/---
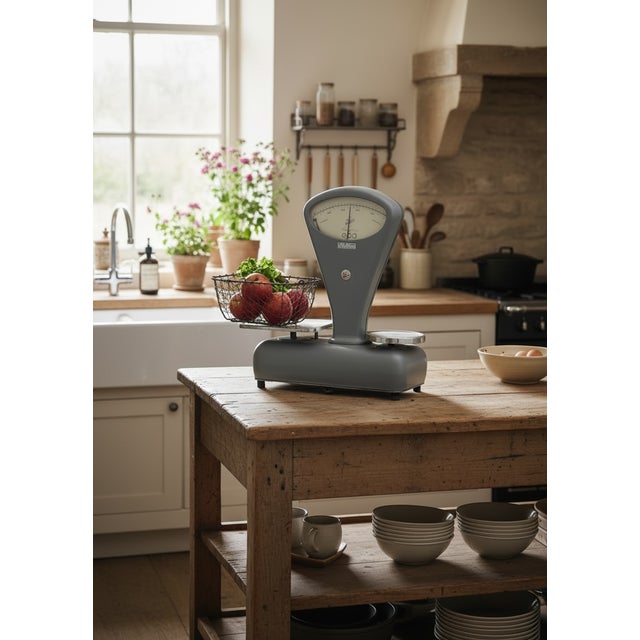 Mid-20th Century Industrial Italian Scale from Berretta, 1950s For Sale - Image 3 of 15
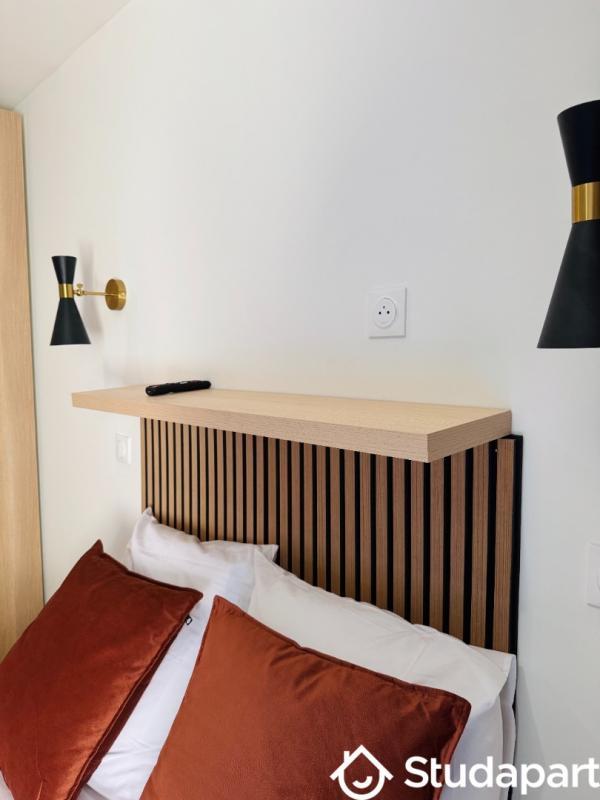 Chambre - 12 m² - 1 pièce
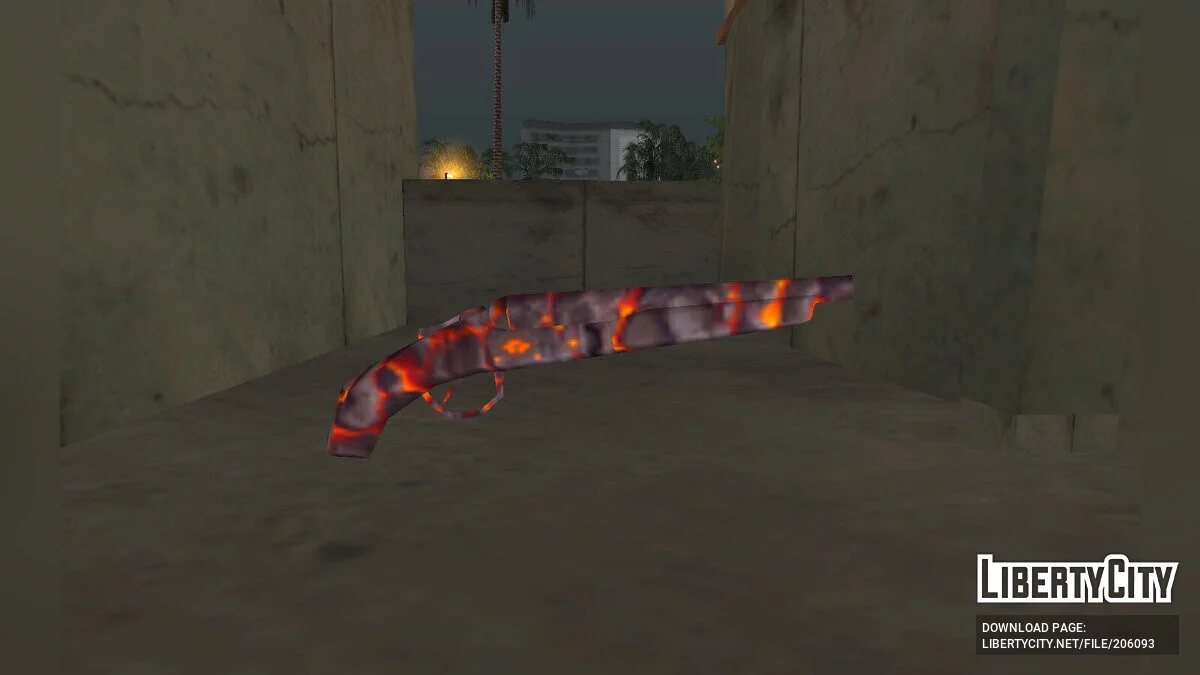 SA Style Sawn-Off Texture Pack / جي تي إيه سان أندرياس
\---
/---
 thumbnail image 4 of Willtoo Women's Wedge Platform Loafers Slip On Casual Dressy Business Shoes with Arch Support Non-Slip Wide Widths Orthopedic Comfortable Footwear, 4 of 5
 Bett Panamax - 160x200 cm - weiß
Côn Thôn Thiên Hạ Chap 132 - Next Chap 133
\---
Requirement:
An exact copy of the lines above, from the one containing "Bett Panamax - 160x200 cm - weiß" down to the one containing "Côn Thôn Thiên Hạ Chap 132 - Next Chap 133" and including both, is the whole answer; retype it and nothing else.

Exercise result:
 Bett Panamax - 160x200 cm - weiß
Côn Thôn Thiên Hạ Chap 132 - Next Chap 133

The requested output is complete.